Stel je voor: je zit in een groep, vol enthousiasme en goede voornemens, en je maakt samen een afspraak om een nieuwe methode toe te passen. Maar als het erop aankomt, blijkt die afspraak in de praktijk niet uitgevoerd te worden. Herkenbaar? Deze situatie roept bij mij een mengeling van verbijstering en frustratie op. Wat gebeurt er met onze intenties als we ‘ja’ zeggen, maar in werkelijkheid ‘nee’ doen? Dit keer besluit ik om mijn frustratie-energie constructief aan te wenden. In deze blog neem ik je mee op een verkenningstocht door de dynamiek van groepsafspraken. Aan de hand van een persoonlijke ervaring in een Zijnsgeoriënteerde gespreksgroep onderzoeken we in deze blog hoe we onze gezamenlijke intenties kunnen verhelderen en versterken.
De situatie
Ik zit sinds een jaar of 5 in een Zijnsgeoriënteerde gespreksgroep van acht personen die een oud boeddhistisch boek over onze verlichte aard bestudeert. Ons doel is om de tekst dieper te begrijpen, omdat dat helpt onze verlichte aard, onze ware aard, te ervaren en te stabiliseren. We komen tweemaal per jaar bijeen in een retraite van een week. In die week mediteren en studeren we samen. Ik heb in deze groep een deelnemersrol. Vanuit deze rol wil ik, daar waar dat volgens mij bijdraagt aan ons doel, mijn kennis en ervaring over de systeembenadering inbrengen.

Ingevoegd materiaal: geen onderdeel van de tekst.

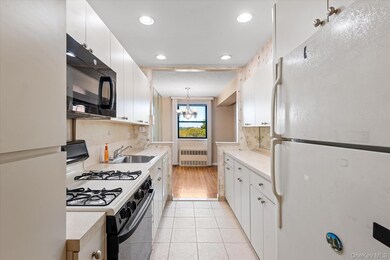 Kitchen featuring white appliances, white cabinetry, light countertops, pendant lighting, and light tile patterned flooring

In het verleden hebben we gemerkt dat we soms langs elkaar heen praten, of dat we elkaars inbreng negeren (zie #6 blog). Daarom wilden we beter naar elkaar leren luisteren. We experimenteerden met de methode van samenvatten, aansluiten en voortbouwen (kortweg ‘aansluiten’) en dat beviel toen goed.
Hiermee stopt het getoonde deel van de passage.